Carvana Echoes Subprime Auto Shake-Up
Oct 23, 2025
Investors are watching auto credit more closely as more borrowers edge toward the risk frontier. The recent stress signals—Tricolor and First Brands—are nudging risk models and reminding markets that cracks in lending structures can widen when the cycle slows. The key takeaway isn’t a repeat of 2008, but a warning that auto credit risk is bifurcating: prime borrowers stay largely current, while subprime delinquencies creep higher. Add Carvana’s latest move into the mix: a sharp stock drop that underscores how fragile sentiment about the auto market has become, even for growth names that rode the euphoria of used cars earlier in the year.
The data screams that the gap between prime and subprime borrowers is widening.
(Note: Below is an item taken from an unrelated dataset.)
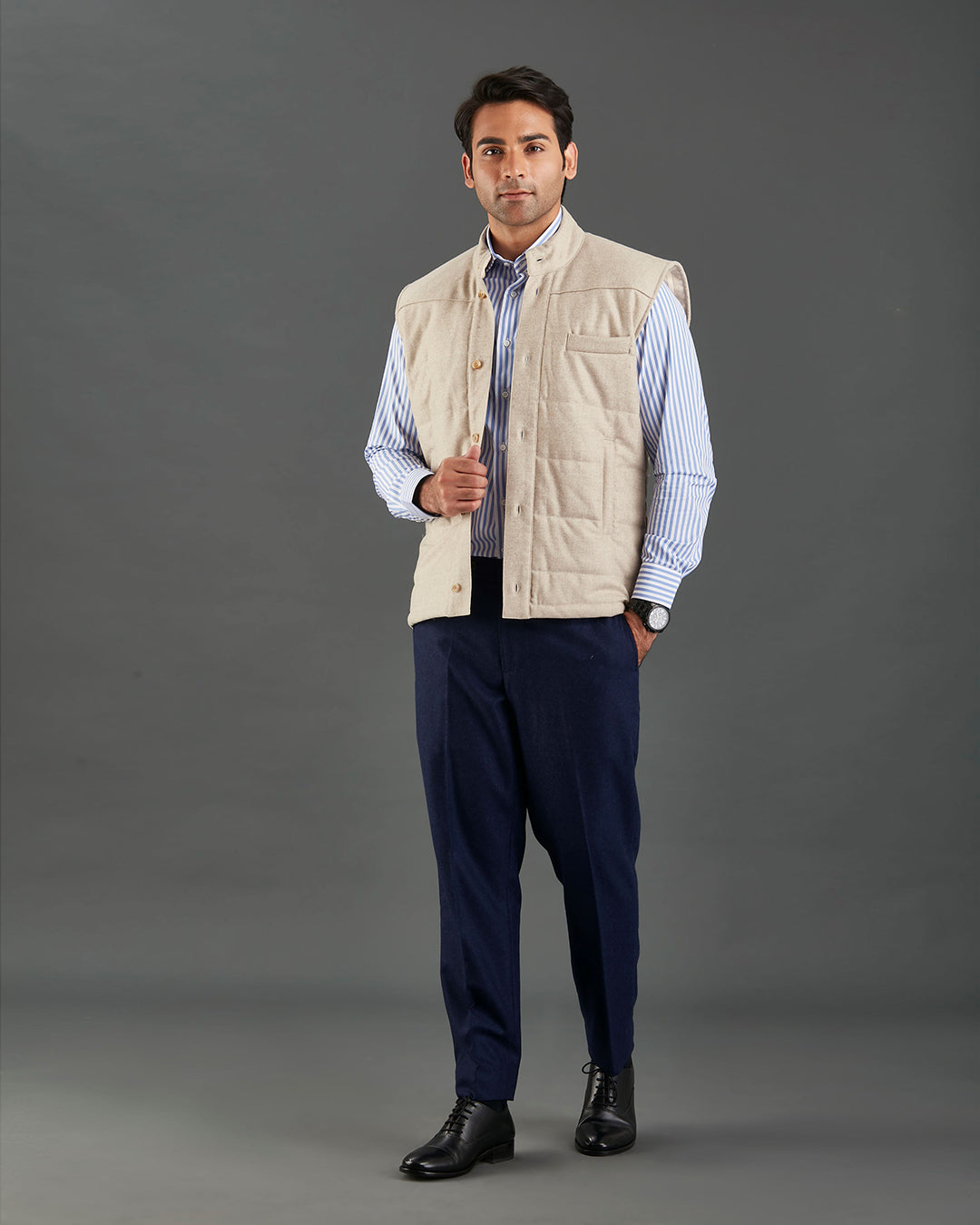 Front of model wearing the flannel quilted vest for men by Luxire in ecru hands in pockets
Subprime delinquencies (credit scores below 670, 60+ days late) sit around 6.43%—more than double 2021 and higher than in the last three recessions. Delinquencies and repossessions among subprime borrowers are at the fastest pace since the Great Recession, signaling concentrated risk at the lower end of the market. This divergence has real implications for risk pricing, securitization spreads, and how collateral performs in credit markets. The Carvana story adds a real-time price signal: a sell-off as investors worry about the broader auto cycle, not just isolated borrower cohorts.
From a macro lens, higher car prices, steeper financing costs, and a tighter job market are squeezing households at the bottom end. Cars are essential, so auto debt remains unusually sensitive to employment shifts. If labor conditions worsen or refinancing becomes harder, more borrowers could default, with spillovers to lenders, insurers, and the broader consumer credit chain. Prime borrowers aren’t flashing distress yet, but the risk appears to be intensifying at the margin. Carvana’s struggles, along with bankruptcies like PrimaLend, remind us that even high-fliers can face pressure when the market reevaluates auto fundamentals and financing risk.
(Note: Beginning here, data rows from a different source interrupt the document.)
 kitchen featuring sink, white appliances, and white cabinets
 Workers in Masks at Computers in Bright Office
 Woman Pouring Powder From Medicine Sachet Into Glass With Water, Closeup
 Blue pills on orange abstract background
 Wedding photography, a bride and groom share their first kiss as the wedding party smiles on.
Bottom line: the prime–subprime split is widening. Investors should see bigger risk premiums on riskier loans and tougher pricing in related securitizations, with more watchfulness on the labor market. Keep to quality cash flows and broad diversification to weather potential swings. For investors, the play is to stay diversified across borrower levels, favor solid cash flows, and be ready for higher volatility as the data rolls in. Keep an eye on labor data and inflation—those drive auto affordability—and watch auto-market signals like Carvana’s results for early clues about consumer credit risk and asset pricing.